The lifecycle of the invoice discounting process begins with the onboarding of the borrower, which typically takes about 2-3 months. This phase includes vetting the borrower’s creditworthiness, market feedback, setting up necessary compliance, understanding the legal aspects, and establishing terms and conditions. Once onboarded, the borrower can present invoices for discounting based on their financing needs. The invoices are then discounted for a short period, generally ranging from 30 to 90 days. The duration depends on the nature of the transactions and the counterparty’s requirements. This allows borrowers to access immediate liquidity while awaiting payment from their customers, optimizing cash flow and business continuity. The cycle repeats as borrowers generate new invoices, continuing a dynamic and flexible financing solution.

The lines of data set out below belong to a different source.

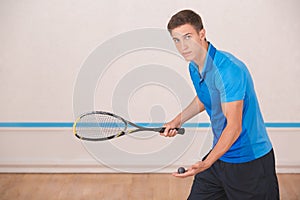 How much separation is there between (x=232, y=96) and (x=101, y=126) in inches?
48.6

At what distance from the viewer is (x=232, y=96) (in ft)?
7.13

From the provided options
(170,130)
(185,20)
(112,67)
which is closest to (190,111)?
(170,130)

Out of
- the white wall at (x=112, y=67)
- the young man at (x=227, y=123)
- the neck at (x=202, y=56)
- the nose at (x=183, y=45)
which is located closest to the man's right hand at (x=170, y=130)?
the young man at (x=227, y=123)

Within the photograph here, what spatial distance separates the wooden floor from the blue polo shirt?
1.22 metres

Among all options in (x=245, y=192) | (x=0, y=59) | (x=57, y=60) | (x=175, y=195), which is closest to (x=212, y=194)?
(x=245, y=192)

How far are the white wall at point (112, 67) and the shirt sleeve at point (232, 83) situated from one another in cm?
145

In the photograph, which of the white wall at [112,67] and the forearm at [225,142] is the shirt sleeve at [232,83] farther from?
the white wall at [112,67]

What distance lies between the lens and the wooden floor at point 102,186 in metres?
3.53

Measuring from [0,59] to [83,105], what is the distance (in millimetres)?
661

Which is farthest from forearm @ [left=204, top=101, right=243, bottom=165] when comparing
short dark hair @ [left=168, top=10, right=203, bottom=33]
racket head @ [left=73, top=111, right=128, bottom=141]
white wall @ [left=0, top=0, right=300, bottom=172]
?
white wall @ [left=0, top=0, right=300, bottom=172]

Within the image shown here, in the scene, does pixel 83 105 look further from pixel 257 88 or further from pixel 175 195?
pixel 257 88

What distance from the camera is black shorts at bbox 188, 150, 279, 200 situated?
238 cm

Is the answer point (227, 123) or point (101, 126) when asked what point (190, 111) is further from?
point (101, 126)

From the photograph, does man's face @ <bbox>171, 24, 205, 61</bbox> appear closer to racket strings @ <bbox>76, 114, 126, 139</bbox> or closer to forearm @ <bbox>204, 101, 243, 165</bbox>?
forearm @ <bbox>204, 101, 243, 165</bbox>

  • How do you onboard a new company for Invoice Discounting (ID)? What is the risk management process followed when listing an ID opportunity?

When a company approaches us for an invoice discounting deal, it undergoes a thorough credit assessment process involving several key steps. Only after meeting rigorous criteria do deals qualify for listing, with just about 7% of all incoming deals making it live on our platform. Attached are the slides that explain the process in detail. Do reach out to us in case you need any further clarifications.

  • Can you elaborate on the type of  Invoice Dicounting opportunities currently on the platform?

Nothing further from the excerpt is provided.